Detailed instructions on the protection levels and storage solutions to be followed in the UEF can be found in the data processing instructions of the University of Eastern Finland (in UEF Intranet, requires UEF login).
File sharing
Sharing files within UEF is relatively straightforward. Of course, data protection must be ensured so that only those with the appropriate access rights can access the shared information. Access rights can be defined, when using the disk space of the research groups.
There are plenty of services for sharing research data. They may, for example, be typical for the field of research or depend on a partner. In this context, we refer, above all, to the general services supported by UEF.
Funet FileSender
Large files can be sent to partners outside the university using the information sharing service Funet FileSender. UEF users can access the Funet FileSender service through Haka login (i.e., UEF ID). A user outside of UEF or other Haka login can also access the service by receiving a so-called Upload voucher invitation from a UEF user.
The service is browser-based and can be used to send files of even over 100 GB. Funet FileSender is not as such suitable for sending sensitive data, but the research data file sent using the service can be encrypted. For encryption, the recipient of the file receives a password from the sender that is not stored on the server but is always sent separately to the recipient (for example, as a text message to the phone).
Other services
IDA storage solution also enables the sharing and storage of research data with various partners. IDA is part of CSC's Fairdata services and, as a rule, offered free of charge to researchers from Finnish higher education institutions or state research institutes and other persons working in research. You can start using the IDA by contacting the IDA contact person of your home organisation. At UEF, you can do this by contacting the IT services for research (servicedesk@uef.fi).

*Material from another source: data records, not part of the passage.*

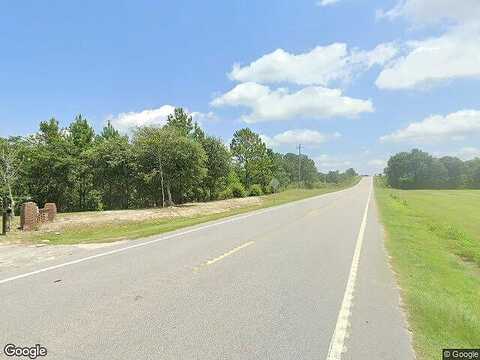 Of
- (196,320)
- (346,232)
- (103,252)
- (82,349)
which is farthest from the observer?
(346,232)

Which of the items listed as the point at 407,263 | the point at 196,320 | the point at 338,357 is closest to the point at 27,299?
the point at 196,320

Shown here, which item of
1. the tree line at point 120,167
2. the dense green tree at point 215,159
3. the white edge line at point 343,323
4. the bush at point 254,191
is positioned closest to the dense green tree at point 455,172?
the bush at point 254,191

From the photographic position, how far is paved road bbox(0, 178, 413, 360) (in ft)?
15.6

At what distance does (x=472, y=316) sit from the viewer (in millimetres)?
6891

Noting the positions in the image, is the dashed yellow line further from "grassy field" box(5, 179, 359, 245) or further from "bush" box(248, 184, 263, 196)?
"bush" box(248, 184, 263, 196)

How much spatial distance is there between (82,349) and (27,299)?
2505 mm

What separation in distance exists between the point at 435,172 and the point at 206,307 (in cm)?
15478

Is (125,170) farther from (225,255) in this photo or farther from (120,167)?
(225,255)

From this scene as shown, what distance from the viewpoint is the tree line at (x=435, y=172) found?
139250mm

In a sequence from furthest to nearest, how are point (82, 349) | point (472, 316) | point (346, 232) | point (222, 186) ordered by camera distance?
point (222, 186), point (346, 232), point (472, 316), point (82, 349)

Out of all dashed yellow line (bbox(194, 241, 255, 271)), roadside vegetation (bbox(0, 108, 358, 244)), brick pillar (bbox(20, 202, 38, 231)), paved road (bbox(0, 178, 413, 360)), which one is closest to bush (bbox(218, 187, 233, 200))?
roadside vegetation (bbox(0, 108, 358, 244))

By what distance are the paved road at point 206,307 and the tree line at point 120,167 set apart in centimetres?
2442

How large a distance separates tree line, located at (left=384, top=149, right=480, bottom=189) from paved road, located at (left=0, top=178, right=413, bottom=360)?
479 feet

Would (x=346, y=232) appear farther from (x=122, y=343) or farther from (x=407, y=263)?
(x=122, y=343) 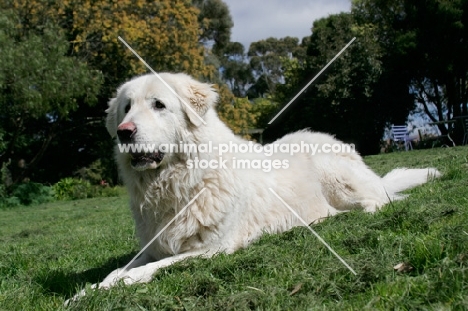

The pan-European EUDAT service catalogue enables the sharing and storage of research data. For example, EUDAT B2DROP allows users to synchronise their active data across different desktops and to share this data with others. EUDAT B2SHAREBasic is for storing, publishing, and sharing research data that also provides a persistent identifier (DOI or Handle). The EUDAT catalogue also includes many other services and functionalities, for example for searching for existing research data or for the long-term preservation of research data. The EUDAT catalogue is jointly maintained by numerous higher education institutions and research institutes.
The quality of the research data refers to slightly different issues depending on the context. In research data management, quality refers to so-called technical or external factors and in this context the suitability of the data content to the research question is not tackled. Rather, the latter is part of the discussion concerning research methods and theory.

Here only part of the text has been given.